[Exercise description] Your answer must be every line of the data that contains "image".
=-=-=-=-=
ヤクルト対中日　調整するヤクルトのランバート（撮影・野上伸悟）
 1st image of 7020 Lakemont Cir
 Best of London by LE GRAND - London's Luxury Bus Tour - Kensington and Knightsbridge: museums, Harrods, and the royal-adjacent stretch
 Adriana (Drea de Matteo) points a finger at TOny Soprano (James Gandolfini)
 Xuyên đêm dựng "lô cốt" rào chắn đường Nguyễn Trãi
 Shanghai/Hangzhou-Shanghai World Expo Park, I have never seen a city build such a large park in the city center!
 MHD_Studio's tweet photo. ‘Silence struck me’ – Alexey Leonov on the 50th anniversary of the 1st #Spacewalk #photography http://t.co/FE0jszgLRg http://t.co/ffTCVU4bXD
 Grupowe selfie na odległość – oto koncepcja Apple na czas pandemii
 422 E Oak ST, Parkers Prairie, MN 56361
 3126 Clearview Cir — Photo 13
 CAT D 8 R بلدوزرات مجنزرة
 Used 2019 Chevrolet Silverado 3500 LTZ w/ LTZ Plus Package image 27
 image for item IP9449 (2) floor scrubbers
=-=-=-=-=
[Task result]
 1st image of 7020 Lakemont Cir
 Used 2019 Chevrolet Silverado 3500 LTZ w/ LTZ Plus Package image 27
 image for item IP9449 (2) floor scrubbers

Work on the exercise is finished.